* HOW TO COMPLETE THIS TASK:
In the records below, find the line that contains "Hello, my name" and the line that contains "Cool colors are". Set down exactly those lines and every line between them, and nothing more.

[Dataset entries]
_ _ _ _

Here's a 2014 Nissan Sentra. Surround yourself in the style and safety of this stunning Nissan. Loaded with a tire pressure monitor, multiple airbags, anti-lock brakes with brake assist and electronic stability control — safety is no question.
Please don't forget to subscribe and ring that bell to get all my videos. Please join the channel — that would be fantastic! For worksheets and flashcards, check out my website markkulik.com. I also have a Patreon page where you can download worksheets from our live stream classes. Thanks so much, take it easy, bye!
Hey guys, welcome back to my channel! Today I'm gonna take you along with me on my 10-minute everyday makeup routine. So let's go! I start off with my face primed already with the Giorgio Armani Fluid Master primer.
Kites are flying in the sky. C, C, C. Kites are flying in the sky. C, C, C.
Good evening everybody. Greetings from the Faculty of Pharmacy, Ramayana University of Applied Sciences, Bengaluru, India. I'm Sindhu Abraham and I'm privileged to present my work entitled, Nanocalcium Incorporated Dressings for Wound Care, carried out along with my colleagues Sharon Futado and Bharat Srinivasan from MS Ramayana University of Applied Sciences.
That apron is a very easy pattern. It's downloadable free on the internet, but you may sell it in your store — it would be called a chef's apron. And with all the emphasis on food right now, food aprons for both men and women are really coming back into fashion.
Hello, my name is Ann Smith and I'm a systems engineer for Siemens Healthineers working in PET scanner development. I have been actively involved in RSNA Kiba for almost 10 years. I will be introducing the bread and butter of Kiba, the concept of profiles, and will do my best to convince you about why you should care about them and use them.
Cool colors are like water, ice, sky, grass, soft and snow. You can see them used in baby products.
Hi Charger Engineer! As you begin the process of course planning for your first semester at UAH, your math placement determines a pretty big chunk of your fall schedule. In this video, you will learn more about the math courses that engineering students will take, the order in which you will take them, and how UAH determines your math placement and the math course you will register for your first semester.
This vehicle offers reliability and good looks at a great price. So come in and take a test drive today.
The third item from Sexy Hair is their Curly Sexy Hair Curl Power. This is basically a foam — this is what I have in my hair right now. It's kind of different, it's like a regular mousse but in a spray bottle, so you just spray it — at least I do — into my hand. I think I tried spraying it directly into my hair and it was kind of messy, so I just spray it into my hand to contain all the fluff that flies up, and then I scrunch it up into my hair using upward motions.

_ _ _ _

* ANSWER TO THE EXERCISE:
Hello, my name is Ann Smith and I'm a systems engineer for Siemens Healthineers working in PET scanner development. I have been actively involved in RSNA Kiba for almost 10 years. I will be introducing the bread and butter of Kiba, the concept of profiles, and will do my best to convince you about why you should care about them and use them.
Cool colors are like water, ice, sky, grass, soft and snow. You can see them used in baby products.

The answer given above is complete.